Welcome Week is a classic tale, but what is it like to move in to Bethel University as a student athlete weeks prior to the other students?

Lauren Clyne | Features Reporter

As Welcome Week staff unloaded jam-packed minivans and towed fridges and couches into freshman dorms, President Jay Barnes and his wife introduced themselves to incoming freshmen. Welcome Week was in full swing.

“Bethel University’s newest football players have never been able to experience Welcome Week because they move in during early August,” said Diane Torres, the administrative assistant in the athletics department. “So, this year we put all that to an end.”

Athletes participating in a National Collegiate Athletic Association fall sport pile into the Bethel dorms as early as Aug. 13.

Because of rigorous pre-season training, these students usually don’t have as much time to get to know other students on their floor. In addition, families of players move each student’s belongings into the dorms without the help of Welcome Week staff. Student athletes typically cannot attend more than half of the Welcome Week festivities due to their start-of-the-year meetings and scrimmages.

However, most college athletes and their families know that committing to a sport requires sacrifices and are more than willing to make them. Sophomore soccer player Andrew Zwart made it work.
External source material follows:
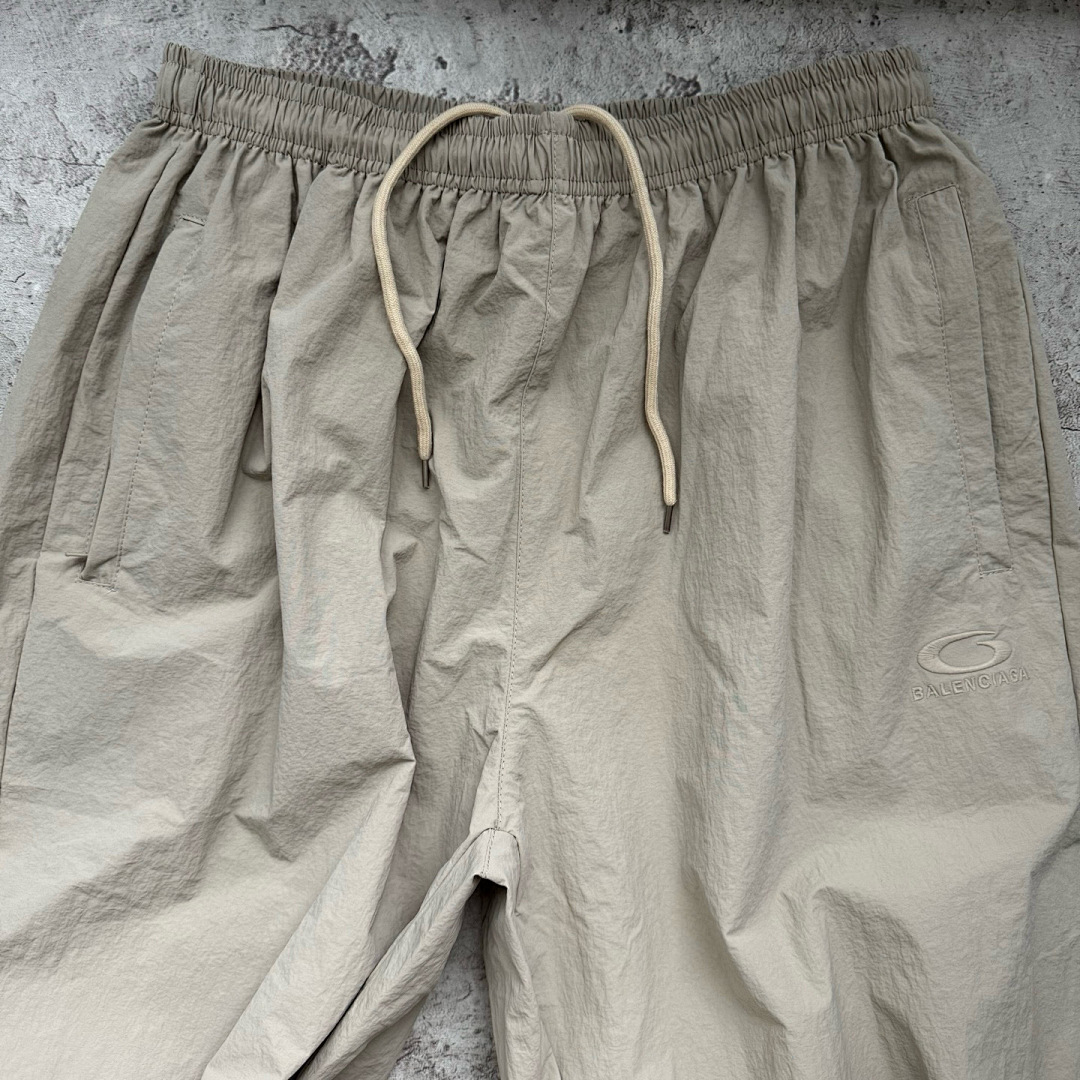 Balenciaga 52408−24L - Image 18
His mother flew down from Massachusetts to move him in early and ended up flying the whole family back a week later for the commissioning service led by the campus ministries team. When asked if he found time to bond with his floor mates, Zwart said, “I think that if you really care about connecting with your floor, you just do it.”
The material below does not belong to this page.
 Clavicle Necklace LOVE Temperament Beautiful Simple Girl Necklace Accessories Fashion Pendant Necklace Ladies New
In spite of that, each team at Bethel University welcomes their new players in different ways. Senior football player Ryan Ross still makes an effort to visit Freshman Hill to get to know the rookies. The football team also encourages new players to sing songs in front of the entire Dining Center during their first few weeks on campus.
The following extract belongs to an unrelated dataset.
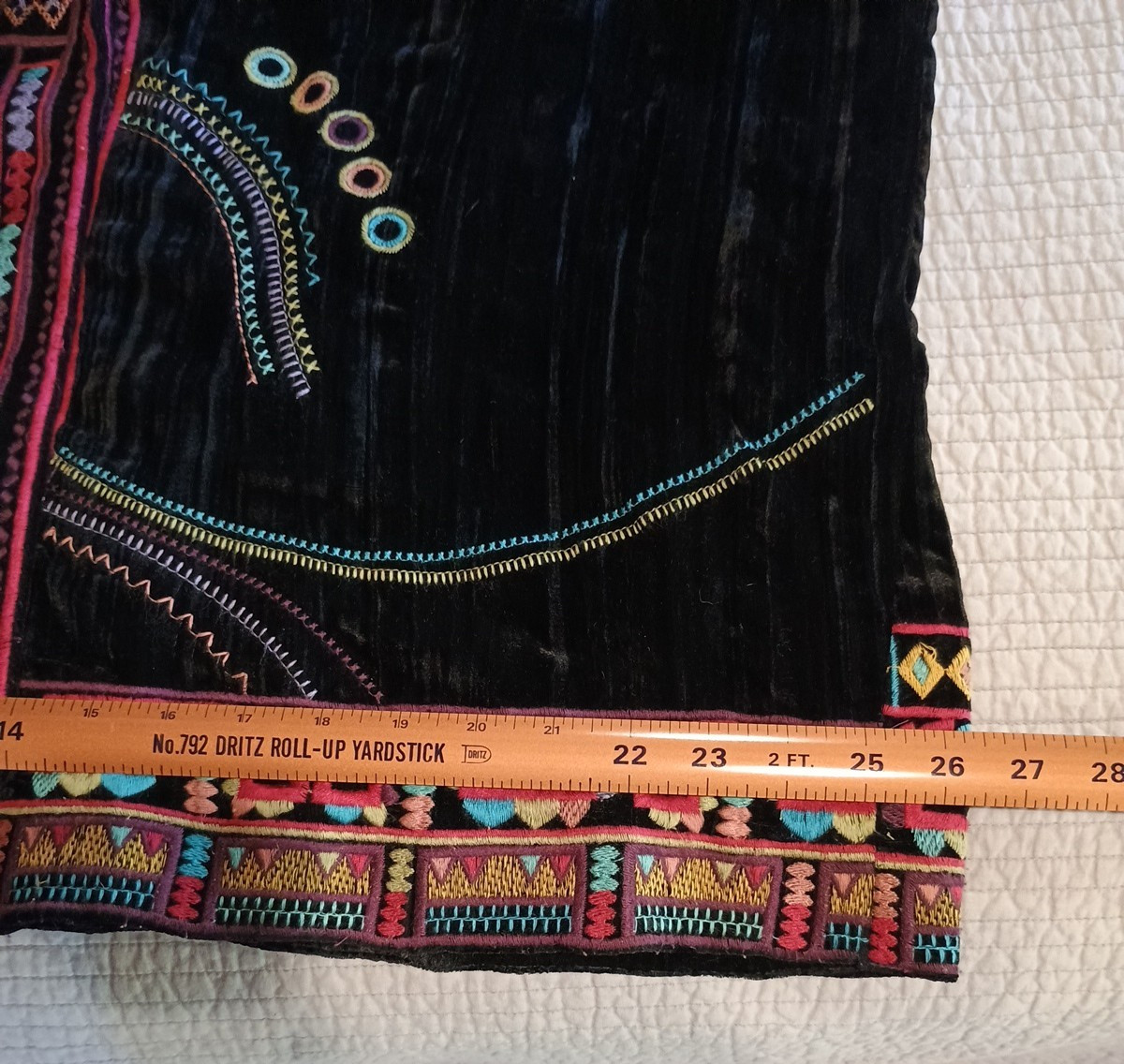 3X Black Velvet Embroidered Evening Jacket Coldwa… - image 16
“In high school football, the rookies were at the bottom of the totem pole. But here at Bethel – especially during the first few weeks – the older players are here to serve the freshmen,” Ross explained. “I believe it brings our team together faster.”

Sophomore Bailey Israelson reminisces on how her volleyball team bonded without being involved in Welcome Week. The team’s inability to participate in the festivities was actually the common ground that bound them together during those first few days at Bethel. 

“During Welcome Week, we all saw people doing weird things like eating cotton candy on the hill or jamming to music on move-in day. Slowly, we realized that it was all a normal part of Bethel University,” she said.

“I would almost say arriving early is more helpful because Welcome Week can teach you a bunch of stuff, but once it’s over you don’t necessarily have a bunch of people to text when you have a question about the POs,” Zwart said.

Ross, Israelson and Zwart all reported developing such strong camaraderie with the other early arrival students in their hall and the nearby buildings that they are still close friends today.

“The people that I started hanging out with before Welcome Week even started [four years ago] are the guys I still live with now,” Ross said.